▶ Work request:
Exact copy, pictures excluded: the lines from the one containing "saenzjulieta1 online show" to the end of the listing.

▶ The records:
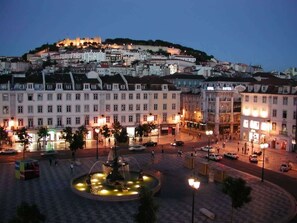 Luokittelematon kuva, 3 kautta 33, painike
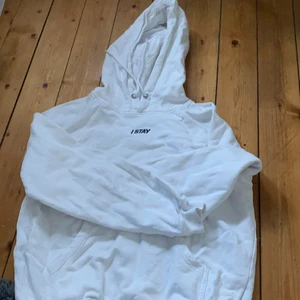 I stay  - Snygg hoodie från i stay som aldrig kommer till användning och endast är använd ett fåtal gånger! Därav lite dyrare pris❤️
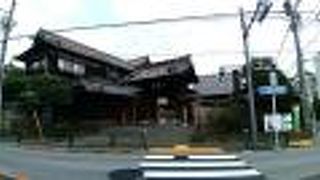 素晴らしい伝統的な建築なので、必見です。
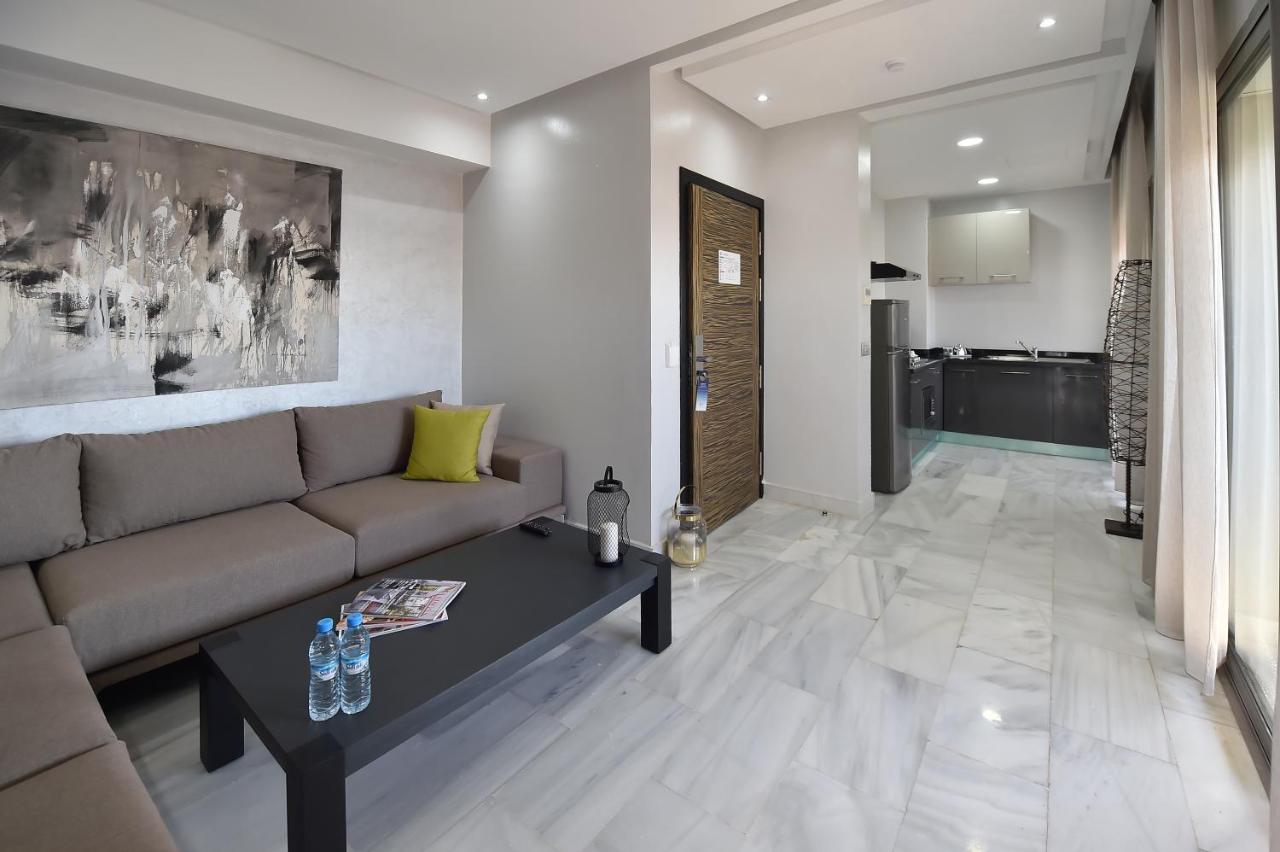Le Yacht Suites Hotel Casablanca Exterior photo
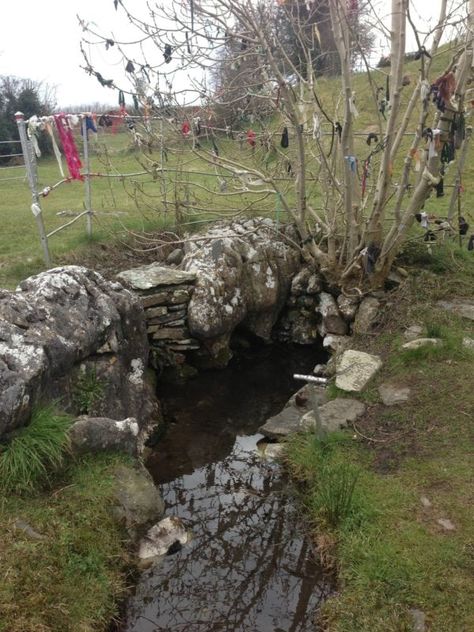 County Meath is home to one of Ireland's most sacred Holy Well & an Ogham stone. Letter Stories, Sacred Well, Waning Moon, Irish Mythology, Spring House, Standing Stones, Standing Stone, County House, Sacred Spaces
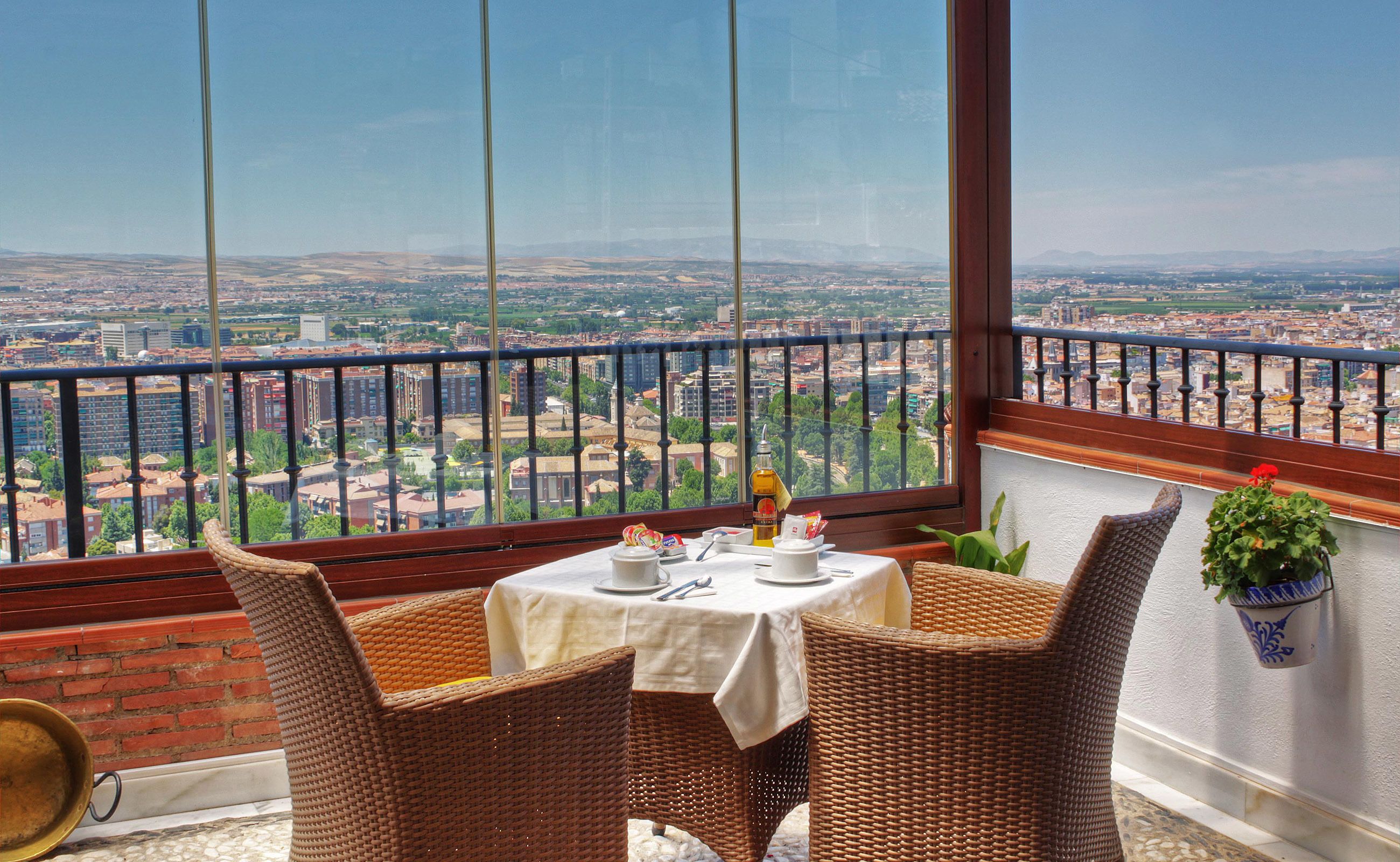 Desayuno completo (EUR 8.00 por persona) 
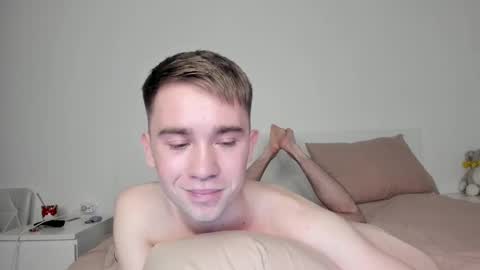 Snapshot of jimyti_bad_boy chatting on February 2025 02:12:02 AM jimyti_bad_boy online show from February 2025 02:12:02 AM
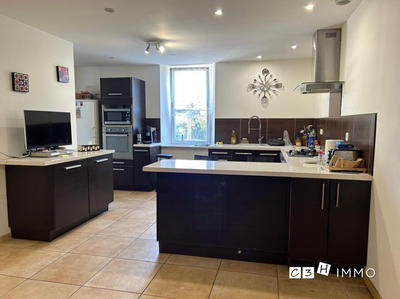 Maison - 220 m² - 5 pièces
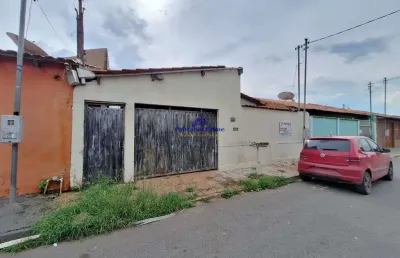 Casa para venda no bairro petrópolis prox. ifmt, novo fórum de várzea grande.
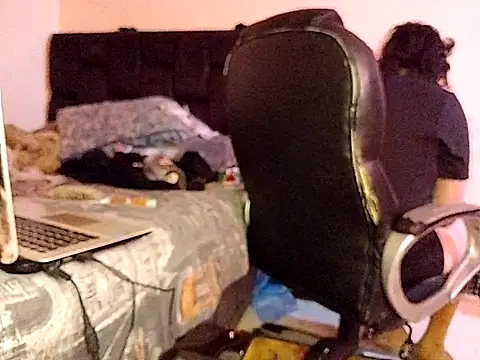 saenzjulieta1 online show from 10/12/25, 03:11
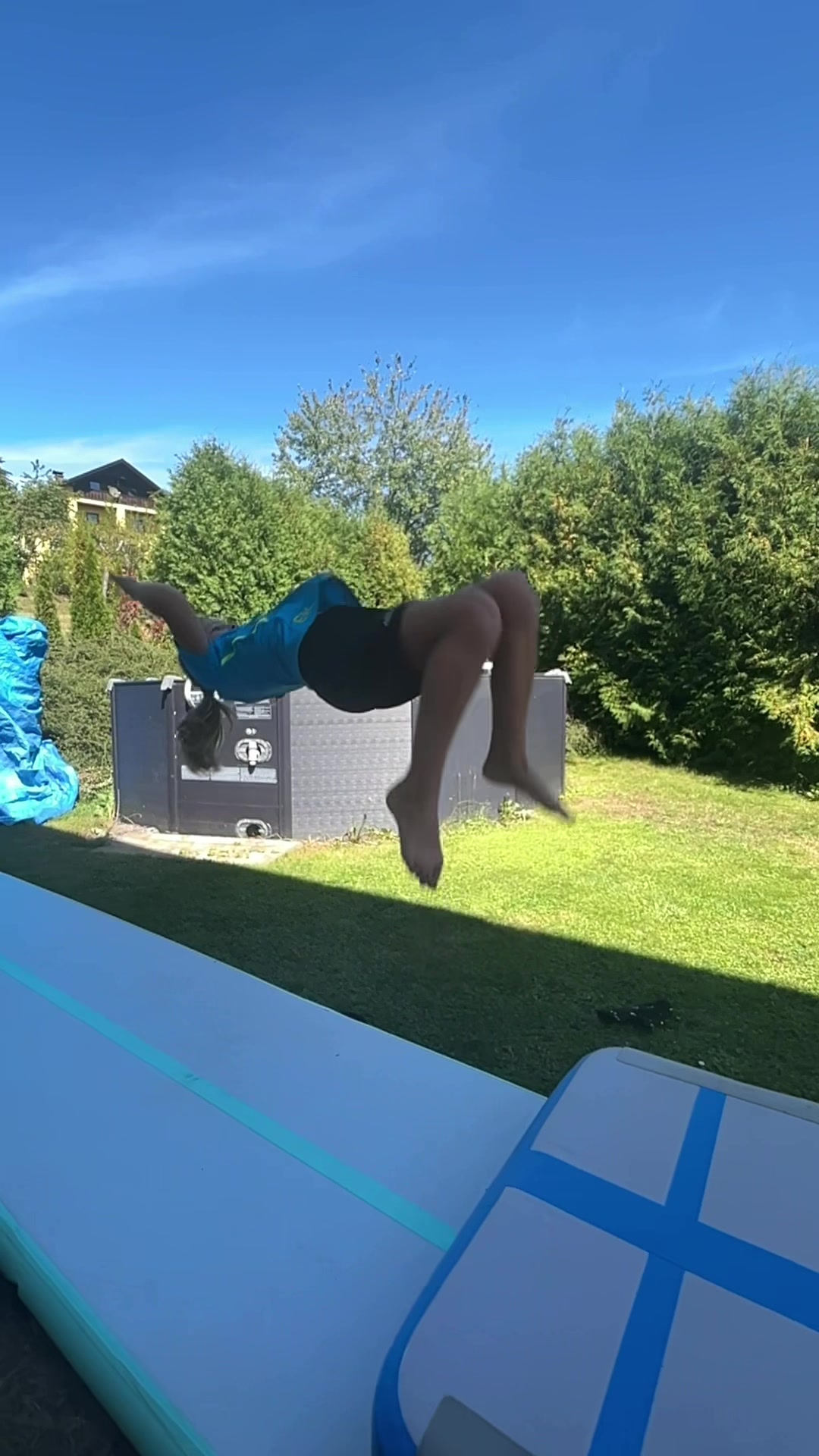 @emely.flips._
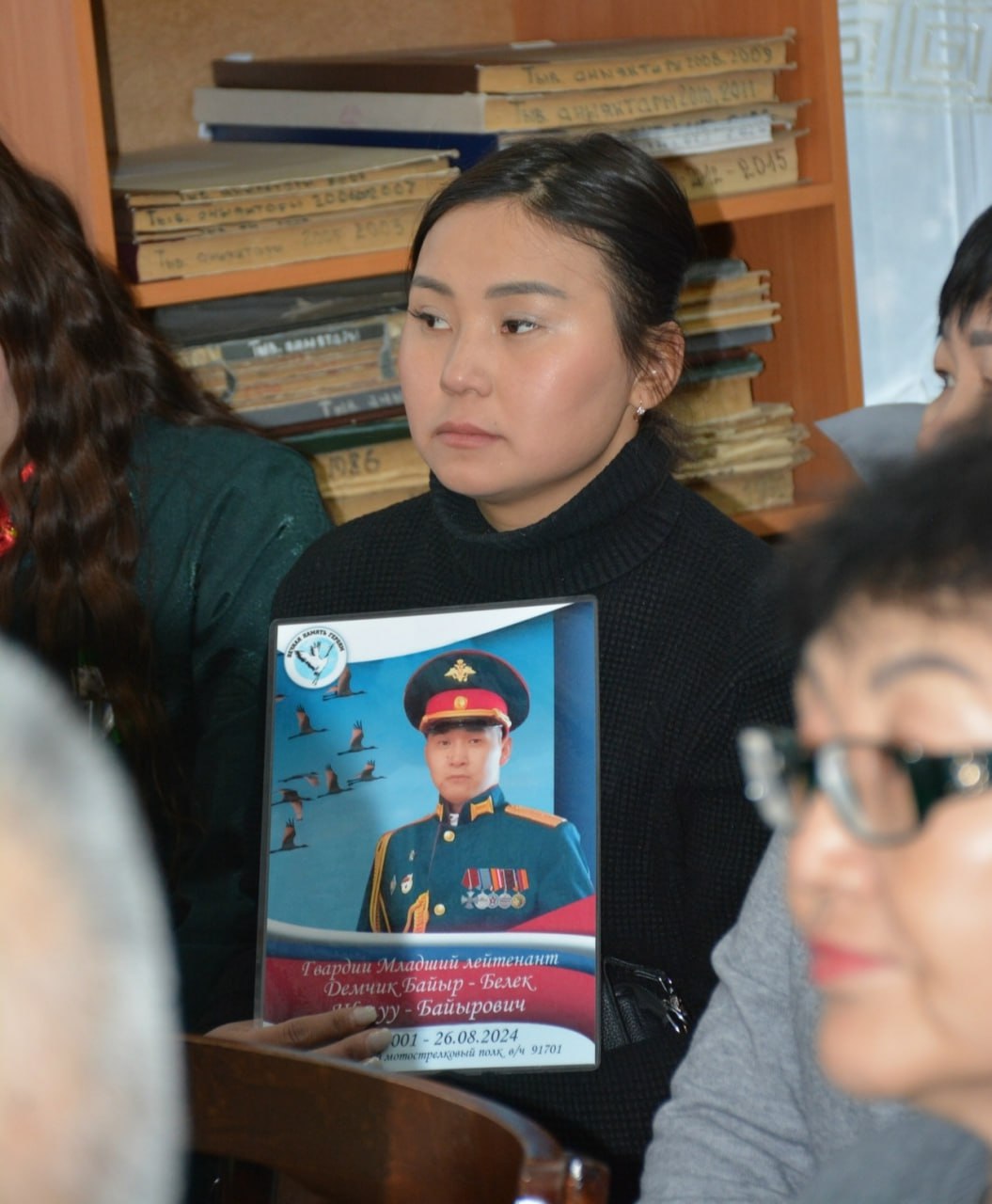 Тываны эрес-дидим дайынчыларыны дугайында бижип турар чогаалчылар-биле ужуражылга Тываны эрес-дидим дайынчыларыны дугайында бижип турар чогаалчылар-биле ужуражылга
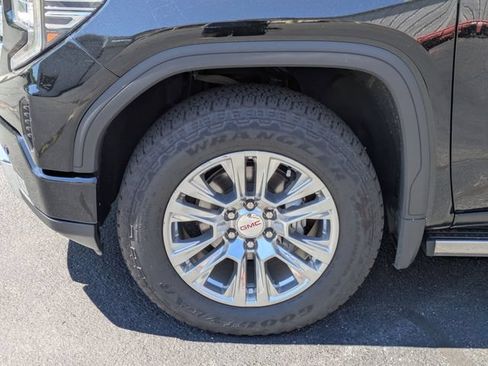 Certified 2023 GMC Sierra 1500 Denali w/ Technology Package AWD/4WD image 10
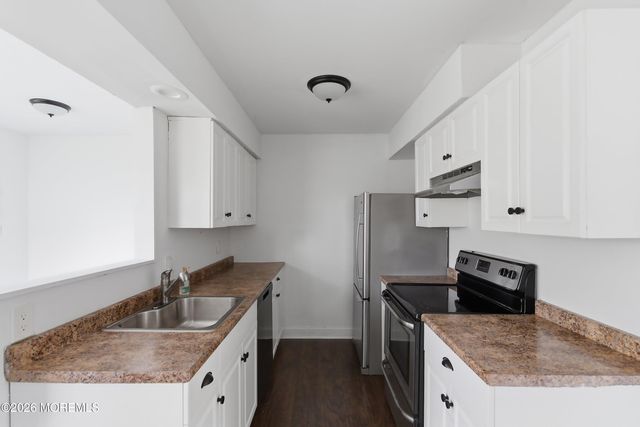 38 Mediterranean Court, Barnegat, NJ 08005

▶ Finished exercise:
 saenzjulieta1 online show from 10/12/25, 03:11
 @emely.flips._
 Тываны эрес-дидим дайынчыларыны дугайында бижип турар чогаалчылар-биле ужуражылга Тываны эрес-дидим дайынчыларыны дугайында бижип турар чогаалчылар-биле ужуражылга
 Certified 2023 GMC Sierra 1500 Denali w/ Technology Package AWD/4WD image 10
 38 Mediterranean Court, Barnegat, NJ 08005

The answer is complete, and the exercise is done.